Top of Data for review
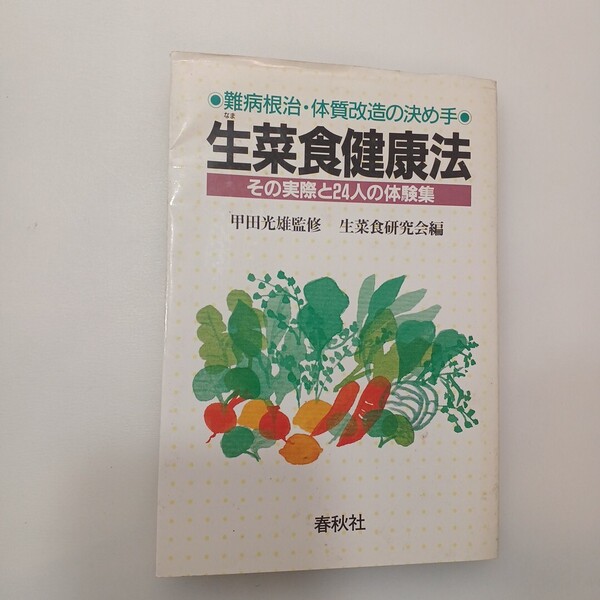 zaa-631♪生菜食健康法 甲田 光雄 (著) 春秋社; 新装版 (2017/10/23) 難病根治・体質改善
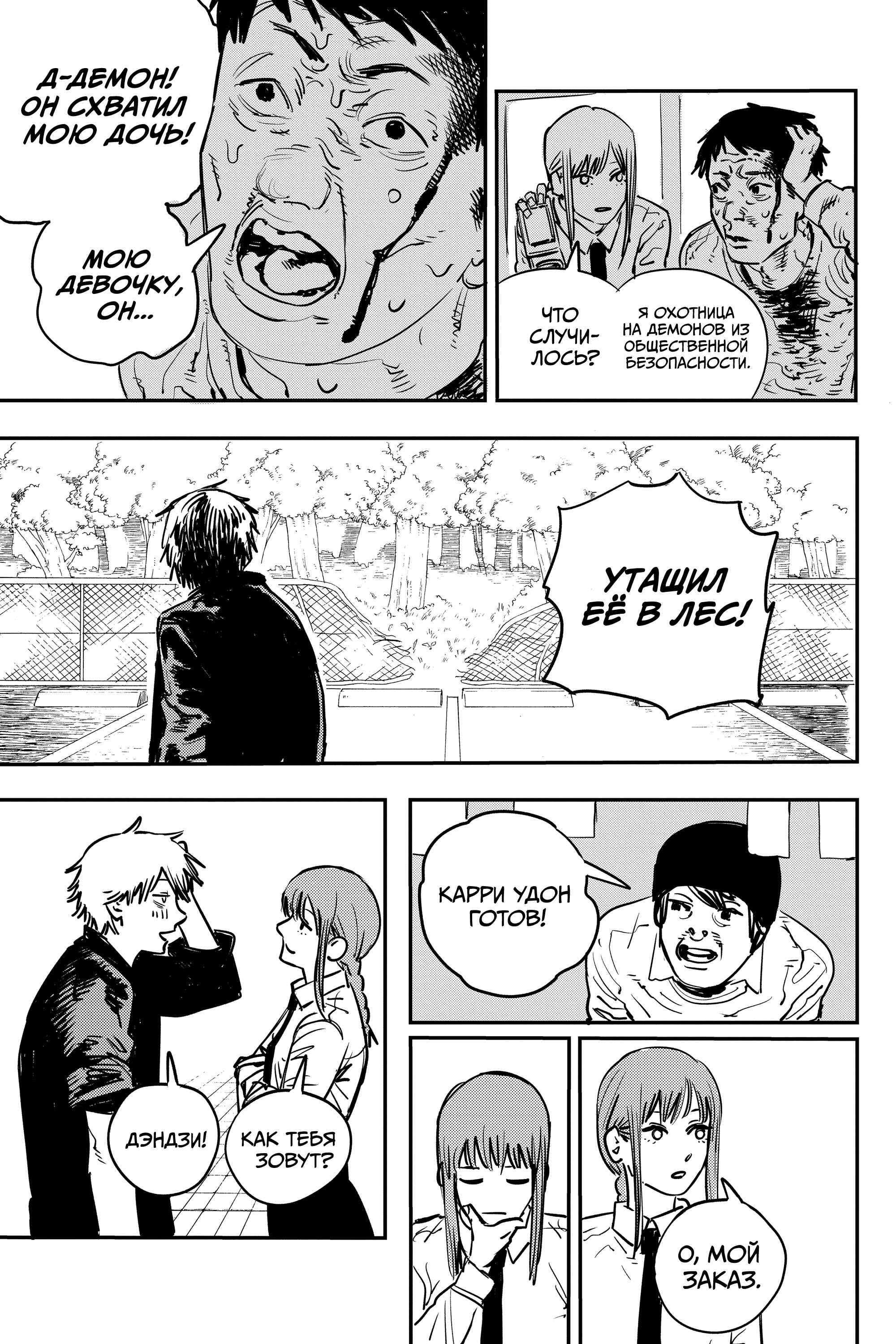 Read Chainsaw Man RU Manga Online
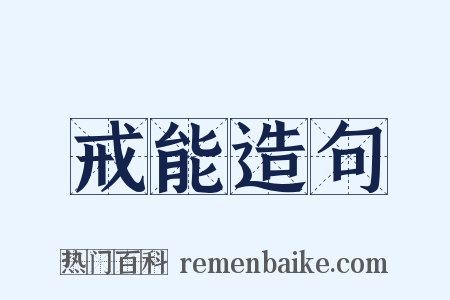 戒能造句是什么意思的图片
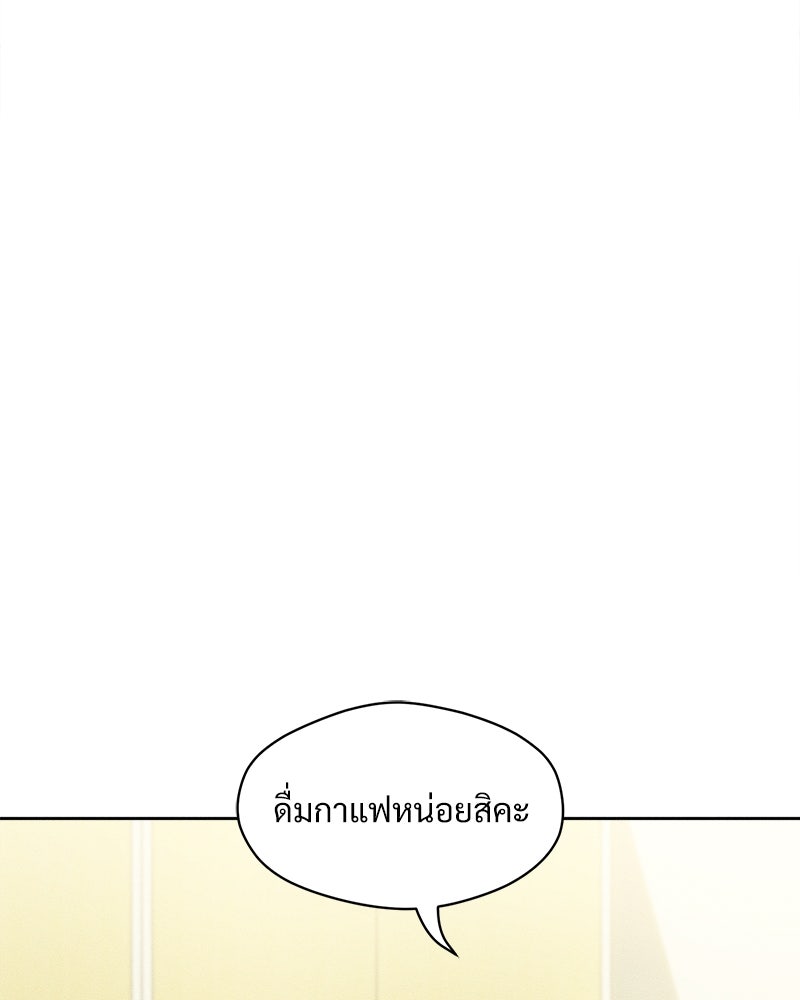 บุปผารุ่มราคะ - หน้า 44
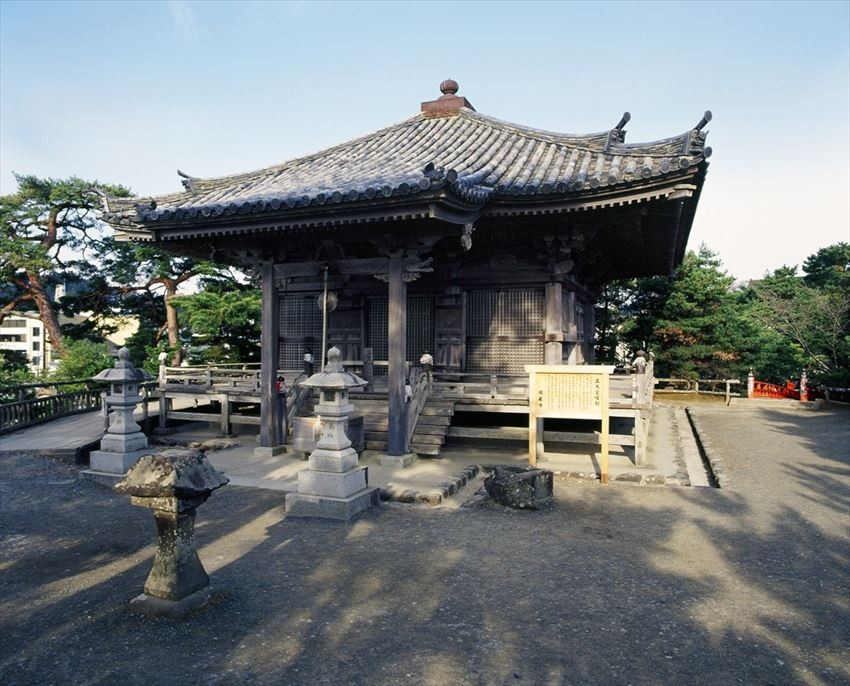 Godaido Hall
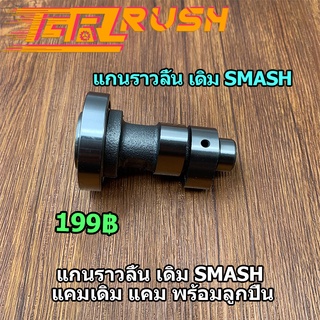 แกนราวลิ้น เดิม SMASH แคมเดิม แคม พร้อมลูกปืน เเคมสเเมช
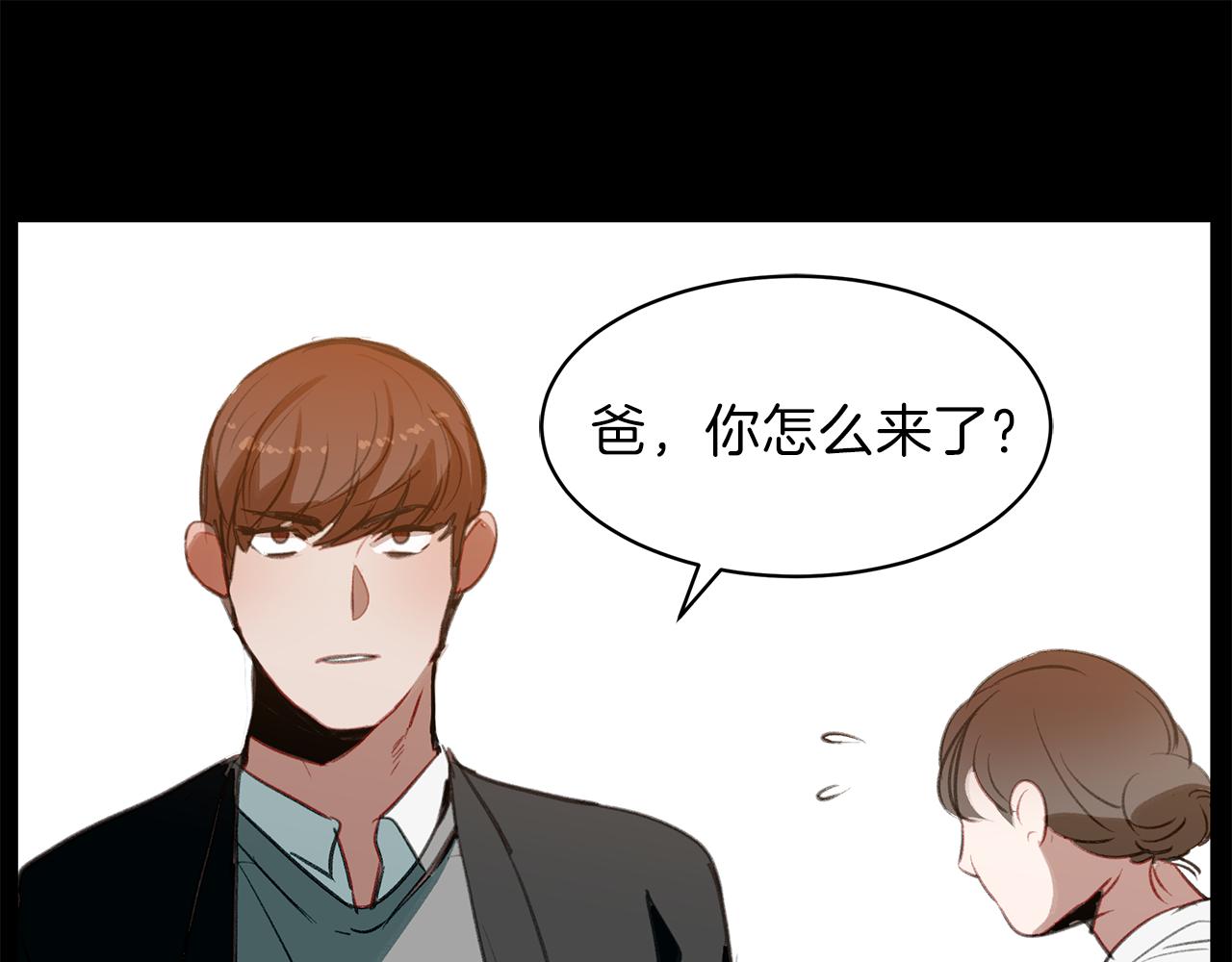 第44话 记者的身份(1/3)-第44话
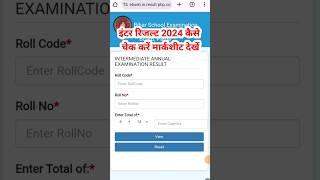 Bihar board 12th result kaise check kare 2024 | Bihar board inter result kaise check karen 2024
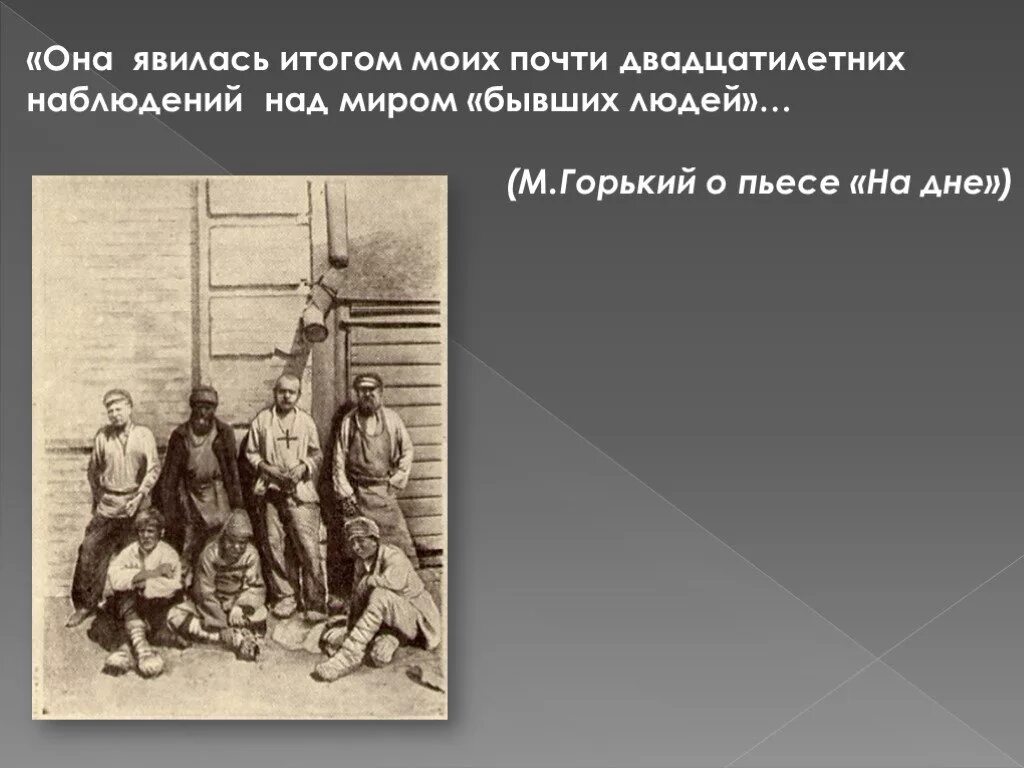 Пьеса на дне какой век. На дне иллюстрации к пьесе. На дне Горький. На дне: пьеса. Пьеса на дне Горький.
Bottom of Data for review
After locating the line containing "บุปผารุ่มราคะ - หน้า 44" in the entries above, repeat only it and each later line through the end, exactly, without any pictures.

— Output of the task —
 บุปผารุ่มราคะ - หน้า 44
 Godaido Hall
 แกนราวลิ้น เดิม SMASH แคมเดิม แคม พร้อมลูกปืน เเคมสเเมช
 第44话 记者的身份(1/3)-第44话
 Bihar board 12th result kaise check kare 2024 | Bihar board inter result kaise check karen 2024
 Пьеса на дне какой век. На дне иллюстрации к пьесе. На дне Горький. На дне: пьеса. Пьеса на дне Горький.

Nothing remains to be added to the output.